What is margin requirement?
Updated over a week ago

Margin requirement is the minimum amount of assets a client must hold on the balance before buying on margin.

On the EXANTE desktop platform, you can check margin requirements for each instrument by right-clicking on an instrument in the list of Instruments and choosing Instrument Info.

For many instruments, our clients can use both cash and securities to satisfy the margin requirement.

To calculate specific requirements, we use an in-house risk management system, a variation of SPAN. It examines a number of scenarios with the worst possible loss your portfolio can suffer over a specified time span.

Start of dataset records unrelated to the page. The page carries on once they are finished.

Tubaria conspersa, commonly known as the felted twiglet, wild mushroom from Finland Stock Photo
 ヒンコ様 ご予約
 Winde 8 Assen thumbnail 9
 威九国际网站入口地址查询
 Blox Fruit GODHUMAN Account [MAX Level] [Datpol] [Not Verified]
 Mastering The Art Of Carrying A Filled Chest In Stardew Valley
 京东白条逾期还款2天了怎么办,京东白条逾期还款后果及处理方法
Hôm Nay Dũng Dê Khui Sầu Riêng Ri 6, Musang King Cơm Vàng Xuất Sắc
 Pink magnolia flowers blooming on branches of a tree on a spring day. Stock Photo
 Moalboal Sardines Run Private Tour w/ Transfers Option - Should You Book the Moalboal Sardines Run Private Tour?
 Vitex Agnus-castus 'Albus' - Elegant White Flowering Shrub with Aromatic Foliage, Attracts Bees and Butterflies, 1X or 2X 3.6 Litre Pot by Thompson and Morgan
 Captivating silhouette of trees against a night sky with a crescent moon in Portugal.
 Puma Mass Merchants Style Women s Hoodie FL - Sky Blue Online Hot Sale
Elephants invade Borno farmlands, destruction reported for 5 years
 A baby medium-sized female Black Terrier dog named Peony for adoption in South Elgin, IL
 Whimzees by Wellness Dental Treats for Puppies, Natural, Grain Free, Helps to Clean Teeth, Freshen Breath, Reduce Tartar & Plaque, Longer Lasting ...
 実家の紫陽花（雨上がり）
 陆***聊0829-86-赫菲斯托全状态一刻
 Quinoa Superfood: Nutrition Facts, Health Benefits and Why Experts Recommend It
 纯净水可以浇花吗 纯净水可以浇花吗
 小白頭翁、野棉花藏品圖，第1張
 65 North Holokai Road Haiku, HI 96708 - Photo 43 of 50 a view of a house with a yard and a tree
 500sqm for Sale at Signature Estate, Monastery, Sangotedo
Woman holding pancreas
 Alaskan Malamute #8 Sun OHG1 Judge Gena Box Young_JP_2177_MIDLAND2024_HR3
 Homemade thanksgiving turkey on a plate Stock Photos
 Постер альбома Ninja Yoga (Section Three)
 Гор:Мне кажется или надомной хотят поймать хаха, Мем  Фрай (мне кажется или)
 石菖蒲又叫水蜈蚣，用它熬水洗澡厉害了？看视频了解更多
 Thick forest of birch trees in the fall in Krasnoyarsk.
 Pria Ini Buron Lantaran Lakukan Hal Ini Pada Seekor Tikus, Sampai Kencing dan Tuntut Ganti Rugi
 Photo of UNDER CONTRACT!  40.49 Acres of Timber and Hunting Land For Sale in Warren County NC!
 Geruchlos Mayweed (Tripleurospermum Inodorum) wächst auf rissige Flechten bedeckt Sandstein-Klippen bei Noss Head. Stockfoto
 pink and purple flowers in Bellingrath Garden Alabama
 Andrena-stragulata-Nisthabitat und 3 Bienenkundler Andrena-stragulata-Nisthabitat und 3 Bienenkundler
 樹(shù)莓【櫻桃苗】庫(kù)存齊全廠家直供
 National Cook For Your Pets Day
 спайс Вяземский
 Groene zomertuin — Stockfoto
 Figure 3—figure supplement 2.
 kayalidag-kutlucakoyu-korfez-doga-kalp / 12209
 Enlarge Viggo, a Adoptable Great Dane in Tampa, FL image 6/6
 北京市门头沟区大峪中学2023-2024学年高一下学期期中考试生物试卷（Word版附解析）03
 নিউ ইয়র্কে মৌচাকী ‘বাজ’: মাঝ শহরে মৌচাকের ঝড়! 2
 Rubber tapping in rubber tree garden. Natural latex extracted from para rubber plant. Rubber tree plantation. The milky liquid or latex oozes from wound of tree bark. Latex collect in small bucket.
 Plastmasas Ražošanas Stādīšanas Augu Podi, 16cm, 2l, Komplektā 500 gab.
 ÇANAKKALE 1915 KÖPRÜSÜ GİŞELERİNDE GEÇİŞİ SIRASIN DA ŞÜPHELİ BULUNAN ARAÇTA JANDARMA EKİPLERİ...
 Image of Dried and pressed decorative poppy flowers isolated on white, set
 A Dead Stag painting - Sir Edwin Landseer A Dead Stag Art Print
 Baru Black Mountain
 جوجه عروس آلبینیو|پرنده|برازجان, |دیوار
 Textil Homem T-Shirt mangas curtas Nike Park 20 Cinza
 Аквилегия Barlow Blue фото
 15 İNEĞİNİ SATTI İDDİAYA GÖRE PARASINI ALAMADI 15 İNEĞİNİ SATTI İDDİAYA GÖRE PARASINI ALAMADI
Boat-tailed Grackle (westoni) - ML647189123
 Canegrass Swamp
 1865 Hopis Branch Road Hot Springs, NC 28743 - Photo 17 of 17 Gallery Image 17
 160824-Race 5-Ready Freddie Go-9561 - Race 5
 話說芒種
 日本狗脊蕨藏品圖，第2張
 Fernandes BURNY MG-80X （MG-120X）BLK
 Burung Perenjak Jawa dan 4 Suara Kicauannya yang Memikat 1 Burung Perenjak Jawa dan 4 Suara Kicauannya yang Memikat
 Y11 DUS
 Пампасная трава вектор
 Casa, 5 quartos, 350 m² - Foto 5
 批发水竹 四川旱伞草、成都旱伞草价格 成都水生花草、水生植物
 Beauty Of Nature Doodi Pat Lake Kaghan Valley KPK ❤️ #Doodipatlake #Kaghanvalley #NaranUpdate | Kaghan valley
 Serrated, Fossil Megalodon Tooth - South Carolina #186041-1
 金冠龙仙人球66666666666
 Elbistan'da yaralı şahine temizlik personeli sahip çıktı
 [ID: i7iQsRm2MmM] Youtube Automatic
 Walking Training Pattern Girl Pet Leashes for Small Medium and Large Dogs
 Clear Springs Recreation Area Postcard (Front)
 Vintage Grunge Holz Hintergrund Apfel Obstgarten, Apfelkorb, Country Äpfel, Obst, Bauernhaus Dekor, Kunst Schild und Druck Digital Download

The model uses a set of parameters, including:

  • The quality of your portfolio

  • The risks associated with a chosen asset in the current market conditions

The obtained margin requirement indicates how much value a portfolio may lose in a worst-case scenario. For setting margin discounts, EXANTE uses the intercommodity spread credit between correlating underlyings.

Note! In the case of a black swan event, a margin concentration penalty applies. It means that if your portfolio becomes concentrated (measured by stressing exposure with extreme market conditions) leverage rate of your positions slowly changes from normal to reduced. For derivatives positions, it implies a multiplication of standard margin by some factor up to the scale where the margin requirement will equal the potential losses under stressed market conditions.